Yorkshire Sculpture Park
Considered by some to be the most beautiful sculpture park in the world, Yorkshire Sculpture Park in the north of England has shown large-scale works by Bill Viola, KAWS, Henry Moore, Barbara Hepworth, David Nash and Andy Goldsworthy.
This year the park celebrates its 40th anniversary, marking four decades at the forefront of staging outdoor exhibitions. In a year of programmed events there will be exhibitions of work by seminal British sculptor Tony Cragg, as well as the Chilean polymath Alfredo Jaar.
They will also host a 40-hour party, allowing visitors to view the park at night, an exhibition of work from the British Arts Council collection, and an intervention by Haroon Mira at the park’s James Turrell Skyspace.
Domaine du Muy
In 2016, the Parisian Galerie Mitterrand opened the Domaine du Muy in the south of France. The permanent installation, which includes works from Sol LeWitt, Dan Graham, and Yayoi Kusama to Claudia Comte, Liam Gillick, and Carsten H?ller, is the brainchild of Jean-Gabriel Mitterrand and his son, Edward, and spans 10 hectares of forest.
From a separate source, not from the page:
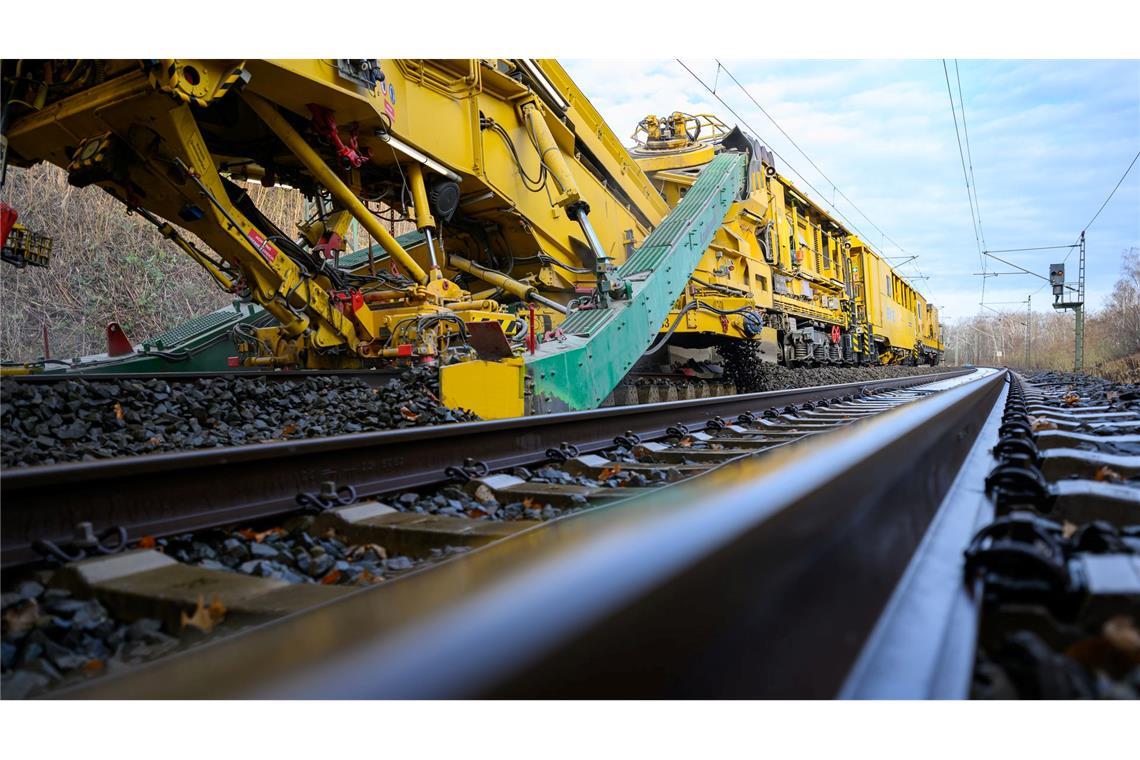Auch im kommenden Jahr wird auf dem deutschen Schienennetz umfassend gebaut. (Archivbild)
The latest addition to the park, a house by architect and designer India Mahdavi, is set to be completed this year.
“My goal here, in subverting or appropriating the rustic aspect of this Proven?al house, was to anchor it in the landscape in a rather unusual fashion, enabling it to reflect its surroundings in a solar, mineral and graphic manner,” Mahdavi explained in a press release. “We chose to position the house within the landscape, by excavating into the earth, in order to create a gallery, one that may be likened to a kind of indoor patio, devoted to freshness and contemplation.”
Not Vital Foundation
Swiss artist Not Vital’s work combines innovative techniques and an innate connection with nature.
Working with both sculpture and installation, Vital creates striking and emotive art that require ingenuity and technical skill to realize. From works carved from ice caves of a Chilean island to works that rise out of the hillside at a press of a button, his scope is vast.
Vital has taken his success as an artist and used it to create the Not Vital Foundation, which includes a stunning sculpture park. Situated in the village of Sent in his native Switzerland, the park is on the grounds of a house that was never built. The finished gardens provide the perfect backdrop for monumental works placed in – and against – the dramatic scenery.
Public Art Fund in Brooklyn Bridge Park
Earlier this month, Anish Kapoor’s “Descension” (2014) was unveiled in New York.
The work, commissioned by New York’s Public Art Fund, sits outside 1 Hotel Brooklyn Bridge in Brooklyn Bridge Park, stark reminder that although you are in the heart of one of the busiest cities in the world, you are also amid nature.
“Descension” is essentially a 26-foot-wide whirlpool in the middle of the city. Thirty thousand gallons of water rush deep into the ground to great visual and aural effect, creating a welcome break from the everyday grind.